Between 2012 and 2014, the Haynes Motor Museum underwent a major redevelopment, including extensions and refurbishment works designed to modernise the site and expand its facilities.

The redevelopment introduced a new entrance foyer, shop, café, offices and conference suites, along with additional exhibition halls to accommodate the growing collection. The redevelopment also introduced new themed exhibition spaces and interactive elements.

Architecturally, the project created a new external façade which includes a sweeping white and red frontage and a black-clad exhibition structure.

John Haynes died on 8 February 2019, aged 80.

==Exhibitions==
The museum is divided into fifteen exhibitions:

- British Icons: Driven by Innovation reveals the untold stories of the people who designed, built and advanced some of the most iconic British cars in history.
- John Haynes: The Man and The Manuals delves into the story of the Museum's founder, John H Haynes OBE
- The Red Room, contains red sports cars from around the world, including a 1981 Lamborghini Countach and a 1959 Austin-Healey Sprite.
- The Dawn of Motoring includes exhibits dating from 1886 including a replica 1886 Benz Patent Motorwagen.
- Veteran and Vintage includes 1903 Darracq Type L and a 1922 Rover 8 hp.
- Travelling in Style includes a 2007 Bentley Continental GT and a 1957 Bentley Series 1.
- Memory Lane contains a 1965 Ford Cortina Mk1 and a 1950 Rover 75.
- The Morris Story includes a 1917 Morris Cowley and a 1955 Morris Minor Convertible.
- Ferrari: The Man & The Machine contains a 2000 Ferrari 360 F1 and a 1980 Ferrari 512 Berlinetta Boxer.
- Hall of Motorsport depicts varied disciplines of motorsport including a 1996 Ferrari Formula 1 Type F310 (DC) and 1950 Healey Silverstone.
- The American Dream includes in pride of place a 1931 Duesenberg J Derham bodied Tourster, one of only eight built.
- Life on Two Wheels explores the history of British motorcycling over the past 150 years.
- Williams F1: The Drivers and The Driven includes an FW14.
- Wheels around the World includes a 1975 Bricklin SVI and a 1967 Citroen DS.
- Transitions explores the prospect of sustainable motoring, includes a Yr Glanaf wooden concept car.
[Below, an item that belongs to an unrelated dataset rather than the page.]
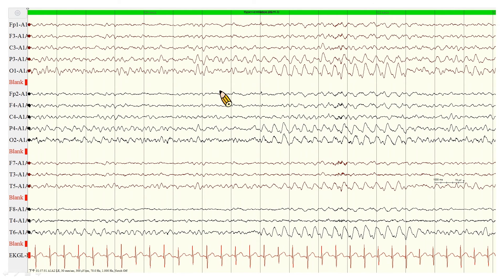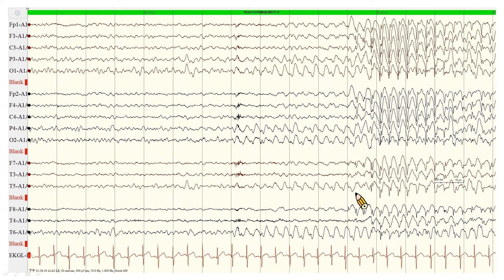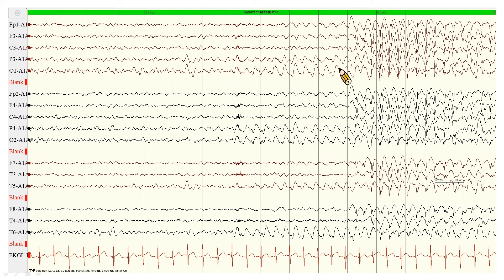In this A1-A2 montage EEG, we can see rhythmic delta waves over bilateral occipital areas. Changing to double banana montage, we can see some sharp components over the delta activity. The patient is under hyperventilation. After continuing to read the EEG, the rhythmic delta activity becomes rhythmic generalized spike-and-wave complexes. This is a patient with absence epilepsy, provoked by hyperventilation.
==Vehicles in the Collection==

This is not an exhaustive list — a complete list is provided on the museum's website.

- 1931 Duesenberg Model J
- 1981 Lamborghini Countach LP400S
- 1993 Jaguar XJ220
- 1964 AC Cobra, one of just 45 right hand drive models
- 1981 DMC DeLorean
- 1937 Brough Superior SS80
- 1915 Horstmann
- 1923 Francis-Barnett Model 3
- 2016 Williams FW38
- 1960 Ferrari 250 GT Cabriolet
- 1969 Dodge Charger
- 1932 MG Magnette K3, rebuilt in the style of a K3 in 1992
- 1991 Williams FW14
- 1982 Aston Martin Lagonda
- 1921 Ford Model T
- 1965 Jaguar E Type FHC 4.2 S1
- 1973 Porsche 911 RS Carrera 2.1 Touring
- 1977 Rover 3500 Estate
- 1952 Aston Martion DB2
- 1965 Austin Mini Super Deluxe
- 1981 Ferrari 308 GTSi Targa
- 1967 Citroën DS19A
- 1972 De Tomaso Pantera
- 1959 Cadillac Sedan DeVille
- 1963 Chevrolet Corvette Stingray

==In popular culture==
The museum featured in an episode of the police drama McDonald & Dodds titled A Billion Beats as the headquarters of fictitious Formula 1 team Addingtons which included scenes shot in The Red Room.

The museum featured in Susan Calman's Grand Day Out The Legends of King Arthur episode which aired on Channel 5 on Friday 31 October.